Though the study authors originally hypothesized that shortages would increase the instance of radical cystectomy, their analysis did not confirm this suspicion. They wrote that the potential reason for this may be because of “a reluctance among urologists to proceed with life-altering and morbid surgery among NMBIC patients, who would otherwise not be treated with up-front cystectomy.” They added, “If prior BCG supply shortages are any indication, a significant BCG shortage is imminent and can be expected to significantly alter real world clinical practice patterns.”
Because the dataset only included information through 2015, it is possible that Sanofi’s 2017 announcement to stop production of the drug may influence alternative treatment approaches in the future, according to researchers.

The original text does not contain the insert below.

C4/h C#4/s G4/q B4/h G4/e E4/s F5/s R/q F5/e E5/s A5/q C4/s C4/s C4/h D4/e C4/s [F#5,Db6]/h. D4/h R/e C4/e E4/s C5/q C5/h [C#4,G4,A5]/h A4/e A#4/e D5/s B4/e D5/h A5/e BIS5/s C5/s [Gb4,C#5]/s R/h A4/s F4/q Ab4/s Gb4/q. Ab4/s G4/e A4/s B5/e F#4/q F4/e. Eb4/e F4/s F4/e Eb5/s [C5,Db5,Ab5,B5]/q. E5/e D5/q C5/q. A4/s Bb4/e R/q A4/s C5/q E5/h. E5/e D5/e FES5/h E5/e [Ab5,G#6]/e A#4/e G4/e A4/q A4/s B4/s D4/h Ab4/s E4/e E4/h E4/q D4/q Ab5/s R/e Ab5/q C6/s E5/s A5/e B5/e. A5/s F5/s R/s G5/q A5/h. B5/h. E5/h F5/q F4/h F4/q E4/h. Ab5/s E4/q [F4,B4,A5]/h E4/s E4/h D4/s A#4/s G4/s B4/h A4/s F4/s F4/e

The study authors wrote, however, that new treatments in the space should be explored further, including the development of the Moreau BCG strain (which is already being developed in Europe), Tokyo-172 BCG strain, which is already in development by the Southwest Oncology Group (ClinicalTrials.org Identifier: NCT03091660), intravesical gemcitabine, intravesical adenovirus derivatives, and nanotechnology-based options.
References
- Khanna A, Yerram N, Zhu H, Kim S, and Abouassaly R. Utilization of BCG for non-muscle invasive bladder cancer in an era of BCG supply shortages [published online September 13, 2018]. Urology. doi: 10.1016/j.urology.2018.07.055
- Meeks JJ, Lerner SP, Svatek RS. Bacillus Calmette-Guérin manufacturing and SWOG S1602 Intergroup clinical trial. J Urol. 2017;197(3 Pt 1):538-540.

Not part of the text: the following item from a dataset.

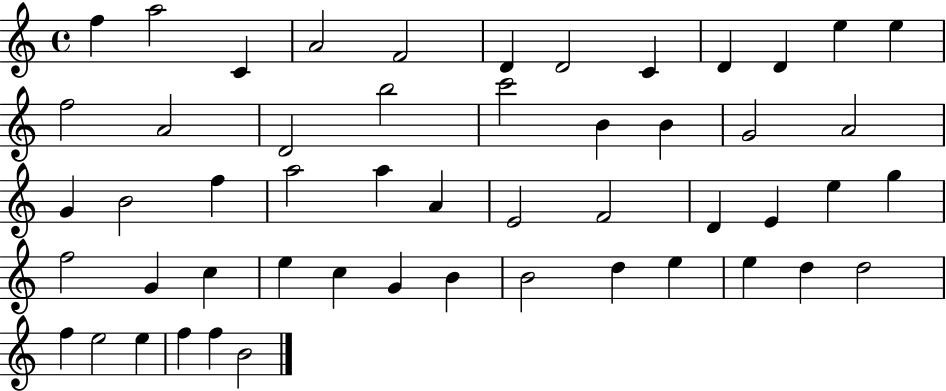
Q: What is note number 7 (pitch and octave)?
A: D4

- Sanofi Pasteur information sur ImmuCyst/TheraCys. https://www.sanofipasteur.com/media/Project/One-Sanofi-Web/sanofipasteur-com/en/media-room/docs/SpecificInformation_ImmuCyst_EN.pdf. Published November 21, 2016. Accessed September 21, 2018.
- Rentsch CA, Birkhäuser FD, Biot C, et al. Bacillus Calmette-Guérin strain differences have an impact on clinical outcome in bladder cancer immunotherapy. Eur Urol. 2014;66(4):677-688.